The exercise, which is underway from Aug. 1 through 20, takes the watercraft from the Japan stock and runs them through procedures to raise their operational level and prepare them for missions in the future.
Units taking part in the exercise came from as far away as Morehead City, N.C.; Fort Eustis, Va.; Tacoma, Wash.; and Fort Shafter, Hawaii.
"What we're doing is improving the time for crews to inventory and get the vessels ready to go out and execute missions," said Lt. Col. Stacy Townsend, commander, 35th Combat Sustainment Support Battalion, 8th Theater Sustainment Command. "It's important to validate the timelines so that in the event the nation calls on the Pacific to respond to disasters or missions, commanders will know how long it takes to receive equipment."

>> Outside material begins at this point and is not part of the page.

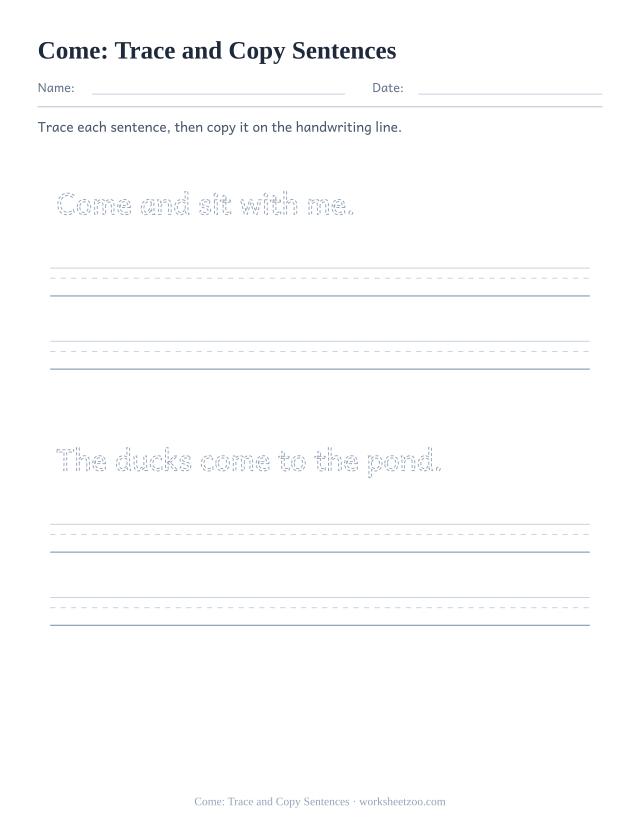 Sight word “come” worksheet, trace and copy sentences printable activity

The Soldiers of the 35th CSSB, based out of Sagami Depot in Tokyo, provided command and control and logistics support to the Soldiers taking part in the exercise. During the exercise, the Soldiers constructed modular causeway ferries, tested landing craft utility watercrafts, and ran through the steps necessary to check the readiness of all the equipment.
West, who has participated in the last three Pacific Reach exercises, said each year brings more and more improvements over previous operations.
"The best improvement this year is that we have cut down on the time to inventory the equipment for the watercraft," West said. "Last year, getting the boats operational took days, but we now do it in hours."
The efficiency in inventorying equipment is a result of hand receipts being location-specific. If a Soldier needed to inventory an item, he would begin the process in an area versus moving all over the ship for each item. The Landing Craft Utility watercraft alone has more than 10,000 line items.
West said that improvement came about from the after-action reports from last year to enhance the current Pacific Reach exercise. The Soldiers working during the exercise have dealt with earthquakes at night, humid days at the dock and harsh weather from tropical storms, yet despite it all, still accomplish the mission.
"They [Soldiers] are performing phenomenally," Townsend said. "They came from many places all across the U.S. and are working as a team. This exercise is a great training and learning experience and is giving the Soldiers vital skills they can use elsewhere."